Is Doc Rivers the man to complete the process for the Philadelphia 76ers?
For so long, fans and pundits alike have been told to "Trust the Process" in Philadelphia, but things have not gone according to plan.
Having tanked and started from the bottom seven years ago following a drastic rebuild of Philadelphia's roster and psyche, the long-term vision delivered stars Joel Embiid and Ben Simmons.
But it has only yielded two trips to the Eastern Conference semi-finals, with the 76ers humiliatingly swept by rivals the Boston Celtics in the first round of the playoffs this season.
Bowing out with barely a whimper at Walt Disney World Resort cost head coach Brett Brown his job following seven gruelling years, and raised further questions over the compatibility of franchise pillars Embiid and Simmons.
General manager Elton Brand and the 76ers will be hoping championship-winner Rivers has the answers, having turned to the former Los Angeles Clippers and Celtics coach on a five-year deal, in pursuit of a first title since 1983.
As Rivers – who departed the Clippers following a postseason capitulation – tries to get the 76ers back on track, we look at the 58-year-old using Stats Perform data.
Rivers crosses the divide
There is no love lost between the Celtics and 76ers in the Eastern Conference, and Rivers has history in Boston.
Rivers spent nine years as head coach of the Celtics, delivering a championship to the storied franchise in 2008.
As the 76ers try to get the best out of Embiid and Simmons, they will be encouraged by Rivers' ability to bring stars Kevin Garnett, Paul Pierce, Ray Allen and Rajon Rondo together en route to NBA Finals success 12 years ago.
Though, he was unable to take star recruits Kawhi Leonard, Paul George and the second-seeded Clippers to the decider this season.
NBA Coach of the Year in 2010, Rivers coached 827 games with the Celtics – including playoffs – which is the second most in franchise history.
Rivers is no stranger to the Celtics-76ers rivalry, having experienced 42 showdowns – boasting a 25-17 record between 2004 and 2013.
Chris Ford (30 with the 76ers and 439 with the Celtics) and Jim O'Brien (87 with the 76ers and 284 with the Celtics) also coached both teams.
Doc nearing top 10
Whichever way you want to look at it, Rivers is just a few wins away from joining an esteemed group of coaches.
He has 1,034 career wins (770 losses) across the regular season and playoffs – just three victories shy of entering the top 10 for all-time wins in the NBA, level with Red Auerbach.
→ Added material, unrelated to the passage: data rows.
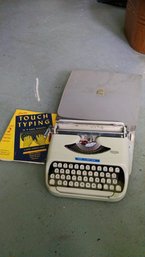 Vintage Royal Light Portable Typewriter With Case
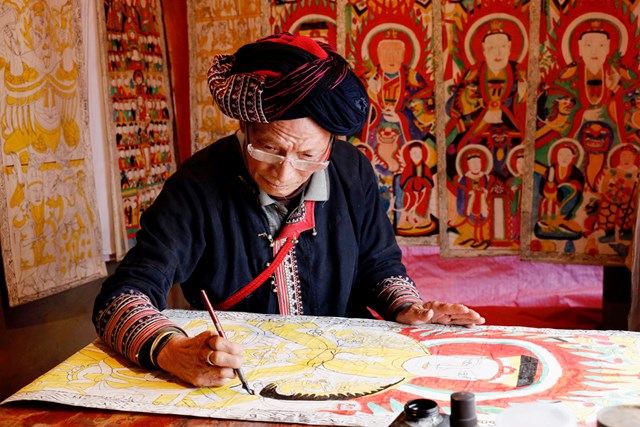 Nghệ nh&acirc;n vẽ tranh thờ. &nbsp;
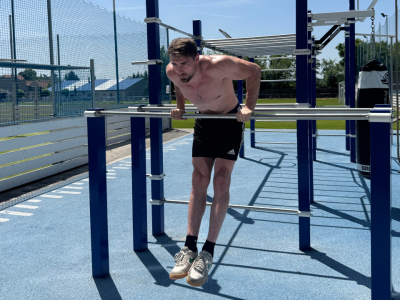 Straight bar dips
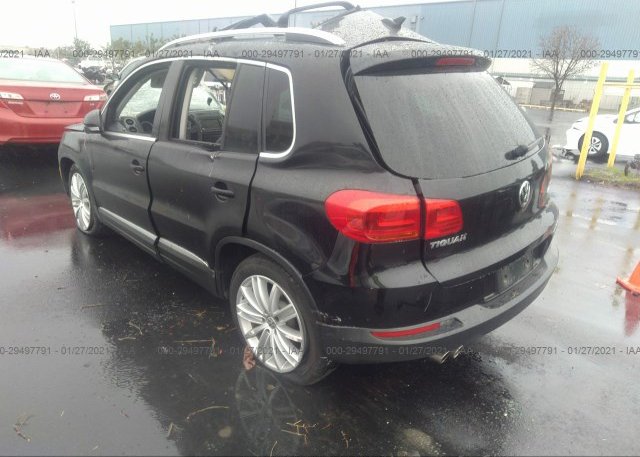 купить 2015 VOLKSWAGEN TIGUAN WVGAV7AX3FW610552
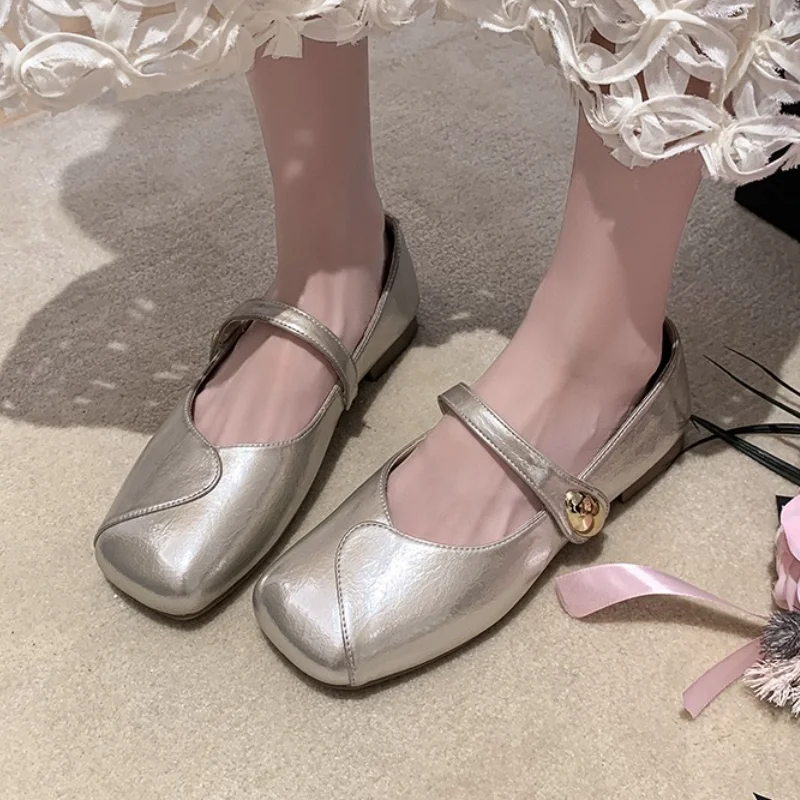 

2025 женские высококачественные темпераментные туфли на плоской подошве, туфли на мягкой подошве и юбкой, модные удобные одинарные туфли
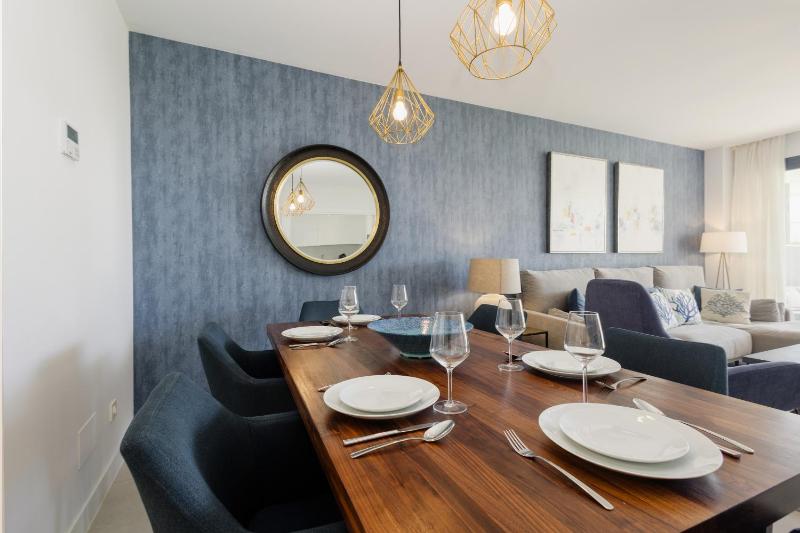 Luxurious 2 bedroom apartment close to the beach in Estepona - image 8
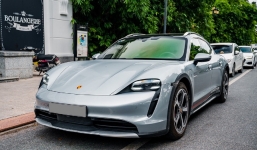 Porsche Taycan sang 2023 giảm sâu chưa từng có lên tới 700 triệu nhờ hưởng lợi chính sách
Current San Antonio Spurs great Gregg Popovich tops the list with 1,447.
If you are just looking at the regular season, Rivers has overseen 943 wins (681 defeats), one behind 10th-placed Bill Fitch. Former Milwaukee Bucks, Golden State Warriors, New York Knicks and Dallas Mavericks coach Don Nelson – a three-time championship-winning coach – stands alone at the top with 1,335.
Playoff woes after regular-season success
Rivers swapped the east for the west amid much fanfare and a lucrative pay cheque as the highest-paid coach at the time.
He oversaw the fifth-best record in the NBA with the Clippers – 356-208 in the regular season – but failed to reach the Finals.
The Clippers also top the list for most consecutive seasons with 40-plus wins on nine – seven of those campaigns were on Rivers' watch.
Rivers has a 66.2 winning percentage in his first four seasons with a team, only behind Steve Kerr (80.8), Avery Johnson (73.5), Mike D'Antoni (68.2) and Stan Van Gundy (67.7).
He went 217-11 in his first four seasons with the Clippers, winning at least 50 games each season. However, Rivers went 139-97 (58.9 per cent) over the last three campaigns, failing to reach 50 wins in each season (though he would surely have reached that total this season had it not been for the coronavirus shutdown). Los Angeles finished 49-23.
Rivers was unable to snap the Clippers' curse of never making the Finals – a run of 50 consecutive seasons without appearing in the NBA's showpiece. Only the Atlanta Hawks (59) and Sacramento Kings (69) have been waiting longer, though they have previously advanced.
He is the only coach in NBA history to blow multiple 3-1 leads in the playoffs following the Clippers' capitulation at the hands of the Denver Nuggets in the Western Conference semi-finals this season. His Clippers also surrendered a 3-1 lead in 2015, as did the 2003 Orlando Magic.
In another concerning postseason trend, there have been seven teams to lose a Game 7 at home by 13 or more points – Rivers was the coach responsible for the last three such games (2017 Clippers, 2009 Celtics, 2005 Celtics).